_Task directions:_
Exactly as given, reproduce the records in full.

_Input for this task:_
- - - -

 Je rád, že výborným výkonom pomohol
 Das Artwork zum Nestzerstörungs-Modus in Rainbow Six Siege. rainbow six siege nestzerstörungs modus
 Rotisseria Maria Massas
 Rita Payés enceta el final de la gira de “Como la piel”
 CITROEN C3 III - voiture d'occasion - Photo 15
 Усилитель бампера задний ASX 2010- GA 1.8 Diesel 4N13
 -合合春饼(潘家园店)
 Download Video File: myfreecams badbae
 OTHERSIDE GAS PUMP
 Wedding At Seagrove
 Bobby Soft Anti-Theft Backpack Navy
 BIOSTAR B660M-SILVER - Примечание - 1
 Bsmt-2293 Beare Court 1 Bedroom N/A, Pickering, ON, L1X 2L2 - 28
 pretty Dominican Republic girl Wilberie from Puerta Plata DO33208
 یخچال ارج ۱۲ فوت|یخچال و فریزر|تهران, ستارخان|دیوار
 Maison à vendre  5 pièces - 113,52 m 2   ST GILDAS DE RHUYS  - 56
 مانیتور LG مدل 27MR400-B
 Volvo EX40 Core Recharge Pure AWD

- - - -

_Answer box:_
 Je rád, že výborným výkonom pomohol
 Das Artwork zum Nestzerstörungs-Modus in Rainbow Six Siege. rainbow six siege nestzerstörungs modus
 Rotisseria Maria Massas
 Rita Payés enceta el final de la gira de “Como la piel”
 CITROEN C3 III - voiture d'occasion - Photo 15
 Усилитель бампера задний ASX 2010- GA 1.8 Diesel 4N13
 -合合春饼(潘家园店)
 Download Video File: myfreecams badbae
 OTHERSIDE GAS PUMP
 Wedding At Seagrove
 Bobby Soft Anti-Theft Backpack Navy
 BIOSTAR B660M-SILVER - Примечание - 1
 Bsmt-2293 Beare Court 1 Bedroom N/A, Pickering, ON, L1X 2L2 - 28
 pretty Dominican Republic girl Wilberie from Puerta Plata DO33208
 یخچال ارج ۱۲ فوت|یخچال و فریزر|تهران, ستارخان|دیوار
 Maison à vendre  5 pièces - 113,52 m 2   ST GILDAS DE RHUYS  - 56
 مانیتور LG مدل 27MR400-B
 Volvo EX40 Core Recharge Pure AWD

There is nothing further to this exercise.